The Broken Kingdoms by N. K. Jemisin
Apr. 7th, 2011 10:55 pm
My rating: 3 of 5 stars
So when I heard that the sequel to The Hundred Thousand Kingdoms was about a blind woman who could see magic and who was a painter . . .?
. . . I made A Face.
A blind woman who sees magic and paints. I mean, seriously, this is the disability equivalent of the magical negro, you guys, and my face was not impressed.
After reading the book, I’m mostly puzzled. Because it was a pretty good book, full of win on several measures, and I just didn’t care all that much. It’s about a fallen god, but not about how our heroine saves him with her vagina.
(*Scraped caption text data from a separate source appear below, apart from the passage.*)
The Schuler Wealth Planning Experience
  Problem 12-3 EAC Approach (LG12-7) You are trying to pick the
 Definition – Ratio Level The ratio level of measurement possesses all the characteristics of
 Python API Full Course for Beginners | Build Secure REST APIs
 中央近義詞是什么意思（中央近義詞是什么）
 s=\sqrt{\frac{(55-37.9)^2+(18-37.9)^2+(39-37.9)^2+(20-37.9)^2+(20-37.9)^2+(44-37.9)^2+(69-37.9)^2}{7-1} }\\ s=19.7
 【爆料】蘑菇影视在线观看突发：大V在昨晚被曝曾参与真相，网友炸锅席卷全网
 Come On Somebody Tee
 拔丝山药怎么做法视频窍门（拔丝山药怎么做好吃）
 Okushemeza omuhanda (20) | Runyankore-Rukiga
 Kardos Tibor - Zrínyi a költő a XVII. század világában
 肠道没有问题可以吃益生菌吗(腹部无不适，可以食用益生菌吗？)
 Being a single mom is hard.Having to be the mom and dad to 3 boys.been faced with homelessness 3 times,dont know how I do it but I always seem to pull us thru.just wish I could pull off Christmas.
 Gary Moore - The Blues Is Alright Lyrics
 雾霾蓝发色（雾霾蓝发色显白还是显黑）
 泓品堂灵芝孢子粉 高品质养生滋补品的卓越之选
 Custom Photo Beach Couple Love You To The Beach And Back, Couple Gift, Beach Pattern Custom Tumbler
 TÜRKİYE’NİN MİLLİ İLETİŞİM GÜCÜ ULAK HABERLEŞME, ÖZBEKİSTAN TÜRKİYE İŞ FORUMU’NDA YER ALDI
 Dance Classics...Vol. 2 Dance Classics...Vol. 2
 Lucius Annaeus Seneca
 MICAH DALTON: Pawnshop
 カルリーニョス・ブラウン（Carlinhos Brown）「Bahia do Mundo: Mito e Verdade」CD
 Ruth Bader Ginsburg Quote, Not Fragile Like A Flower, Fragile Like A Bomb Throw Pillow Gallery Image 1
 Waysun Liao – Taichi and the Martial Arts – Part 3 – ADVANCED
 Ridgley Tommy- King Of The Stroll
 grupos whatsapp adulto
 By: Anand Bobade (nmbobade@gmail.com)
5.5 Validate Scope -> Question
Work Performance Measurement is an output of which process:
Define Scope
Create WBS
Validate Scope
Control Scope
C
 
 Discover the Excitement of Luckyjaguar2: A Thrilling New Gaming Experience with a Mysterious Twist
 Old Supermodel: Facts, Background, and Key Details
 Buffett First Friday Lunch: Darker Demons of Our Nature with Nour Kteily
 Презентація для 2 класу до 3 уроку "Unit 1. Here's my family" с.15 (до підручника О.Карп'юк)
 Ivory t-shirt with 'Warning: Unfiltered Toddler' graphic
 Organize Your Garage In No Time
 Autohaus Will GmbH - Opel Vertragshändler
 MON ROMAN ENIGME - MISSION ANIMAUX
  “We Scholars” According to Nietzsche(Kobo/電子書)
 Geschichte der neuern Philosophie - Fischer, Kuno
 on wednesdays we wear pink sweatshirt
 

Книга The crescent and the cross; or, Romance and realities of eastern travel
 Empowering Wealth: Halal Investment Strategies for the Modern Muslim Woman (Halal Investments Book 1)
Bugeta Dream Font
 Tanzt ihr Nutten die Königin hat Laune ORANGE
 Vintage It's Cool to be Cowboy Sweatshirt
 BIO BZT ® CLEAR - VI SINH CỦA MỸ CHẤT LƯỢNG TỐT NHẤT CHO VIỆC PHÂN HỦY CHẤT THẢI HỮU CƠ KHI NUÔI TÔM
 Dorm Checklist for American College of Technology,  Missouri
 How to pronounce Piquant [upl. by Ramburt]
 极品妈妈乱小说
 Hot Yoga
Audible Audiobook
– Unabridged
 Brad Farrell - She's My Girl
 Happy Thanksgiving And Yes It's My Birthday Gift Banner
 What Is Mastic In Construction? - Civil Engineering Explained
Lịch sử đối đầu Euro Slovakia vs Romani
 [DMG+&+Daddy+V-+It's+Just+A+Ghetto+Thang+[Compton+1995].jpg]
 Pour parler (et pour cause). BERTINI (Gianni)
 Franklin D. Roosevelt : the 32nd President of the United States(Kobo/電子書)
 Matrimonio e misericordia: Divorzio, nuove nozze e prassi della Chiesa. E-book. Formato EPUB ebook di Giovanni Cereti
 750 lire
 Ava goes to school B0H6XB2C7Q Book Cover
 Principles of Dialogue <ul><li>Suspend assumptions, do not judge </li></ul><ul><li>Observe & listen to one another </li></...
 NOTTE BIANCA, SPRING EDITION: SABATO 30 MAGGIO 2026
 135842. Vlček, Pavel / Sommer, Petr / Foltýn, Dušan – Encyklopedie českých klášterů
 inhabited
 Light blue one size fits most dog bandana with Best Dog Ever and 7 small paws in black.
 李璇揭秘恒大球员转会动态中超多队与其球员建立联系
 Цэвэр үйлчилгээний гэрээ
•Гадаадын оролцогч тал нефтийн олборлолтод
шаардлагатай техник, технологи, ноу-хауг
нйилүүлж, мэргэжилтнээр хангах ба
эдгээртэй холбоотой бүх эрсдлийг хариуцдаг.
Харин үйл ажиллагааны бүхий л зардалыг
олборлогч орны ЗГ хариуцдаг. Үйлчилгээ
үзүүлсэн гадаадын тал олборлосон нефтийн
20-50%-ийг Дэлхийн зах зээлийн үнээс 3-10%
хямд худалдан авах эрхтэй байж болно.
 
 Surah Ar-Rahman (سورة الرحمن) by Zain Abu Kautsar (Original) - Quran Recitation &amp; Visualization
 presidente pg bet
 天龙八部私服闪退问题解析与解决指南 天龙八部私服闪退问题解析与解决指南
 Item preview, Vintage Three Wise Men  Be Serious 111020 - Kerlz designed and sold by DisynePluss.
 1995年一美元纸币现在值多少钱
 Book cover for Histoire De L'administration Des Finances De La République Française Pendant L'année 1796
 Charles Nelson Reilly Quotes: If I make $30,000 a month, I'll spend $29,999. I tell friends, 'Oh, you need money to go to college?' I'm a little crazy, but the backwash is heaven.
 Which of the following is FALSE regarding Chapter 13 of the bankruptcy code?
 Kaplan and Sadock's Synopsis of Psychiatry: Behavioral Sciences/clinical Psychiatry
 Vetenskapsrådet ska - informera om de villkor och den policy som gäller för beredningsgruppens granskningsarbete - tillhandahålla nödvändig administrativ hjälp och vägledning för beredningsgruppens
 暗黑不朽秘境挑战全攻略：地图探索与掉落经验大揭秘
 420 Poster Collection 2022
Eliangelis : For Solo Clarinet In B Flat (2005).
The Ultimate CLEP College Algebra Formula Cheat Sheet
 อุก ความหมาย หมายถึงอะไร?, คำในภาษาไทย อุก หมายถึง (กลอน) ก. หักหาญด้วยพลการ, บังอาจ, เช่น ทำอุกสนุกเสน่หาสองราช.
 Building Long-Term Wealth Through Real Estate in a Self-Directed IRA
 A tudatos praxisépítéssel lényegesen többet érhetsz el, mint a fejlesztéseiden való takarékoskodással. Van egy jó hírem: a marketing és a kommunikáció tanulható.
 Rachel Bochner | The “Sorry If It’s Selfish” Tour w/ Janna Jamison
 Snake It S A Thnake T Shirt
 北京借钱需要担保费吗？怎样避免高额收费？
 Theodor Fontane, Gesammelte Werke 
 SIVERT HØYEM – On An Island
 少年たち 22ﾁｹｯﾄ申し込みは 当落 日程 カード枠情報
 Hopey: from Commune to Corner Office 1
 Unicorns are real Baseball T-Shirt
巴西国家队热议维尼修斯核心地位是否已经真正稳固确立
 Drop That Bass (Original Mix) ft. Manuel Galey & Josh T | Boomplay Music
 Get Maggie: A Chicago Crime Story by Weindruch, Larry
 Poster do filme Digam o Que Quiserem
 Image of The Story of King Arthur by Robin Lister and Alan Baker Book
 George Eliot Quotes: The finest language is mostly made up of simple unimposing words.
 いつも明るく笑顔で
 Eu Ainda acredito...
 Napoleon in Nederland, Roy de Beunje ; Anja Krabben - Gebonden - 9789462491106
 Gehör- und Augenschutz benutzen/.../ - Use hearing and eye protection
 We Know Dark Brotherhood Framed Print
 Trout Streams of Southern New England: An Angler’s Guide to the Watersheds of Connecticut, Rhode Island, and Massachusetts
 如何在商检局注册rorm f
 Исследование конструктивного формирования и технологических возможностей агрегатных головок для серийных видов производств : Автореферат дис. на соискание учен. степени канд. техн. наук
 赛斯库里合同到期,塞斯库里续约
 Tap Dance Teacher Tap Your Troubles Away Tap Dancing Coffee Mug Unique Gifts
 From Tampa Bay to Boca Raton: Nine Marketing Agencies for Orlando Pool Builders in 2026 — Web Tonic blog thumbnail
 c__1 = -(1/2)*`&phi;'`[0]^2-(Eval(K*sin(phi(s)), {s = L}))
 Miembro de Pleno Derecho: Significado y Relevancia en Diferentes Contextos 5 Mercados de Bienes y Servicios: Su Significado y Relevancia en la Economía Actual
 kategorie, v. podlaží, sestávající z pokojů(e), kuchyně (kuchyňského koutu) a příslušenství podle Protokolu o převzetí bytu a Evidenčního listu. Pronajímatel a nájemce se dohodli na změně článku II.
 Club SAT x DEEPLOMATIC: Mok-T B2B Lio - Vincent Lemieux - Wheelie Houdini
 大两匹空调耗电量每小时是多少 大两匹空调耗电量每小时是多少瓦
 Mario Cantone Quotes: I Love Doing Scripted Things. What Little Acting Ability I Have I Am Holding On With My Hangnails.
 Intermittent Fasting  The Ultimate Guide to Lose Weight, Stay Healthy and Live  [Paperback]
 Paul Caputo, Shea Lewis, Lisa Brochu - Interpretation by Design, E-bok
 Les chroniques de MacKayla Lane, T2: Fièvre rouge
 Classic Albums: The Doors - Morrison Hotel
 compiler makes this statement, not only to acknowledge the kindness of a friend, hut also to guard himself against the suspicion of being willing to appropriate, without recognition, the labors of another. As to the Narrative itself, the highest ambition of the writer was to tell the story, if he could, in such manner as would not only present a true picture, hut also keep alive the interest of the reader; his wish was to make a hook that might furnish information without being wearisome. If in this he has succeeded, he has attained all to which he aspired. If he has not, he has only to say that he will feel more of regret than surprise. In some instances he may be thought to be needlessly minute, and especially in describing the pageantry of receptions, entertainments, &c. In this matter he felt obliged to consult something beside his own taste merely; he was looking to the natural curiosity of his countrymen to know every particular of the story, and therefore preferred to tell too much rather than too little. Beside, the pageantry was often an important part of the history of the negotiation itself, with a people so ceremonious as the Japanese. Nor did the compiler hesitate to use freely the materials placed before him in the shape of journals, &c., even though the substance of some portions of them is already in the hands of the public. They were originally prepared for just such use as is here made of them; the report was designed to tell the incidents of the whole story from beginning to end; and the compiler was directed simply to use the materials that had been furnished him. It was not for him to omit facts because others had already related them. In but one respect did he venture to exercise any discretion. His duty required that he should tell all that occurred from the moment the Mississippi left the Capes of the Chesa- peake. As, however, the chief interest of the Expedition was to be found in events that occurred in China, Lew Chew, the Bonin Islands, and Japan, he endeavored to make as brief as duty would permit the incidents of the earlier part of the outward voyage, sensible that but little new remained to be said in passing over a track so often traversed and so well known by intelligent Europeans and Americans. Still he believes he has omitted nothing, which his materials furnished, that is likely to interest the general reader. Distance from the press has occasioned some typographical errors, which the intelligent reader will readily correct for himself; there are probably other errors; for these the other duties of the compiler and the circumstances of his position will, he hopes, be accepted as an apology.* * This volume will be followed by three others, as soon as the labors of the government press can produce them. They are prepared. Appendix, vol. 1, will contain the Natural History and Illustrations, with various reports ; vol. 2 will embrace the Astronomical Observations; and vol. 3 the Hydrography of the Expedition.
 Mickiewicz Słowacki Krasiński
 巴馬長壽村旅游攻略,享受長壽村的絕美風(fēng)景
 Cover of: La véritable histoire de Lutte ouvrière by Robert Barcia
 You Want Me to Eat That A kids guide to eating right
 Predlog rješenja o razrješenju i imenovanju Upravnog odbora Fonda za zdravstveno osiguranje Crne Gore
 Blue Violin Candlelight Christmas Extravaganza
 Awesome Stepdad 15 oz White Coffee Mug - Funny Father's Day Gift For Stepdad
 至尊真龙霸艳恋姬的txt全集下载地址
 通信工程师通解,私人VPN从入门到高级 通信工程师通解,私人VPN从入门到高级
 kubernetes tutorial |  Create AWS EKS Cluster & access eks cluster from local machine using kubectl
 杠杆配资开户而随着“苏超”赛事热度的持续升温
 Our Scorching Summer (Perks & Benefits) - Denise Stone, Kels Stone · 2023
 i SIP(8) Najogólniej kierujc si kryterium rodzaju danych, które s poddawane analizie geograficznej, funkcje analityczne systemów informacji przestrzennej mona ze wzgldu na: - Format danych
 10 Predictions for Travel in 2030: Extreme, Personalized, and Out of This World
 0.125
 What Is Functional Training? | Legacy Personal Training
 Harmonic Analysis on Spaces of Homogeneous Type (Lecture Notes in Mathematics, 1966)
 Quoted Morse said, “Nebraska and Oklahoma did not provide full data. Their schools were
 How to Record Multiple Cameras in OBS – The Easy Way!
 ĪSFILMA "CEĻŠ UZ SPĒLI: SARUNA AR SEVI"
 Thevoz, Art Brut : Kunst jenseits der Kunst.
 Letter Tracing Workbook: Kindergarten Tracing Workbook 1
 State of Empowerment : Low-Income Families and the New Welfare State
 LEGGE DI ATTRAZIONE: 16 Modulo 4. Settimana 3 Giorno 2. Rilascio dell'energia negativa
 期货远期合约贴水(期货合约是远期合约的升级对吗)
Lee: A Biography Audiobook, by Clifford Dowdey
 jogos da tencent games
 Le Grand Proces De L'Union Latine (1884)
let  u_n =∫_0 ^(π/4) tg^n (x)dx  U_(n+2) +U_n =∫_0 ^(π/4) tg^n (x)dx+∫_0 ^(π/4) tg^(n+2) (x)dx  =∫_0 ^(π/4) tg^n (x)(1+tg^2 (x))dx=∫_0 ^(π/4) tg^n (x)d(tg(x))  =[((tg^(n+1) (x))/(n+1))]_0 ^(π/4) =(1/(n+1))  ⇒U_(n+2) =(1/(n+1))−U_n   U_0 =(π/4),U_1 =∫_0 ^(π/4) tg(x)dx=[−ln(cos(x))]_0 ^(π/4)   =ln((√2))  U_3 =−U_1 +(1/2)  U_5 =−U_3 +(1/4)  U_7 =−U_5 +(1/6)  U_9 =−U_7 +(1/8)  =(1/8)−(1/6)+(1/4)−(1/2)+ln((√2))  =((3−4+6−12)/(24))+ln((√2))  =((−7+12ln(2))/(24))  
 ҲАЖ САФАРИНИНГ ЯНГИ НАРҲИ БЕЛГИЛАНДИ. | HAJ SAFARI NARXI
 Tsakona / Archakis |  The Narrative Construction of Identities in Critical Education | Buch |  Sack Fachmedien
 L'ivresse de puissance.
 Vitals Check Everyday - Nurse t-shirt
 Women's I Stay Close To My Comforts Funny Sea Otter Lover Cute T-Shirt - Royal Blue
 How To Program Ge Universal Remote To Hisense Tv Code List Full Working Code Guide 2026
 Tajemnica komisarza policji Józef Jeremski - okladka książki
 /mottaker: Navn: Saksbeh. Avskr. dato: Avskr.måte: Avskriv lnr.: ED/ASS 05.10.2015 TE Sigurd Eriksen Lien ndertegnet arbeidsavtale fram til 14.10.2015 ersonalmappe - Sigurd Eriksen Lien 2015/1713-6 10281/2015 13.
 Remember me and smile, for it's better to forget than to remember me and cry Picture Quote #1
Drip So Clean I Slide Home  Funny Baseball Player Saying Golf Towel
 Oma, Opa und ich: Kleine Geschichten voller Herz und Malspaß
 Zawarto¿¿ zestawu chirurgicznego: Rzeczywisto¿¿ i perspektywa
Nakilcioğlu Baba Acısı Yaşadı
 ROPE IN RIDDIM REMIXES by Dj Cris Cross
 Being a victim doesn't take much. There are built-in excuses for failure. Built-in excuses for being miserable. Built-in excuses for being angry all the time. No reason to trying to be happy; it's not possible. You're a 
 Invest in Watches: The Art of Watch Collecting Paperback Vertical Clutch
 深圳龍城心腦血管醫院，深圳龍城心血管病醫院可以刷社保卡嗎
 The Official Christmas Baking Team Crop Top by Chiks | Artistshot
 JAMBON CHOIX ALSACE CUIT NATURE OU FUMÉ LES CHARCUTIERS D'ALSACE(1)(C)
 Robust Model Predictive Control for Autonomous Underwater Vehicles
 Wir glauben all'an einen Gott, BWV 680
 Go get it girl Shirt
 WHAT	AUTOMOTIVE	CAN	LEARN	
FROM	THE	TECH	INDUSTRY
In fact, it’s mostly about her, imagine that, against a background not muddied by assorted racial and sexual fail.
And hell, it even did a pretty good job with a blind point-of-view. I spent a hundred pages grumbling to myself about how the narrative didn’t feel peculiar to me, about how nothing stuck out, where was the POV work – oh. Nothing was sticking out at me, because the inner landscape sounded a lot like mine, with visual referents used only as far as they’ve been culturally absorbed from everyone else, not because they actually mean anything to her. (Though the occasions when she could see via looking at magic were weirdly pedestrian to me, described almost completely in bog-standard visual terms. It felt like cheating, frankly, like functional sight could be flicked on and off at narrative convenience.) But it mostly wasn't about the Amazing Insight (TM) that that narrator has by being disabled or whatever, so there's that.
But mostly, eh. Didn’t care much. And when there's a book about a blind woman my age who broke from her family to move across a continent to live on her own near the center of power -- who lived my life, basically -- and I don't care?
Someone brilliant said these books feel like anime, and that is so fucking true. Long-haired emo gods, and people with thematically significant names, and, well, a blind woman who paints.
And sees magic. And paints. I cannot point that out enough. Because really.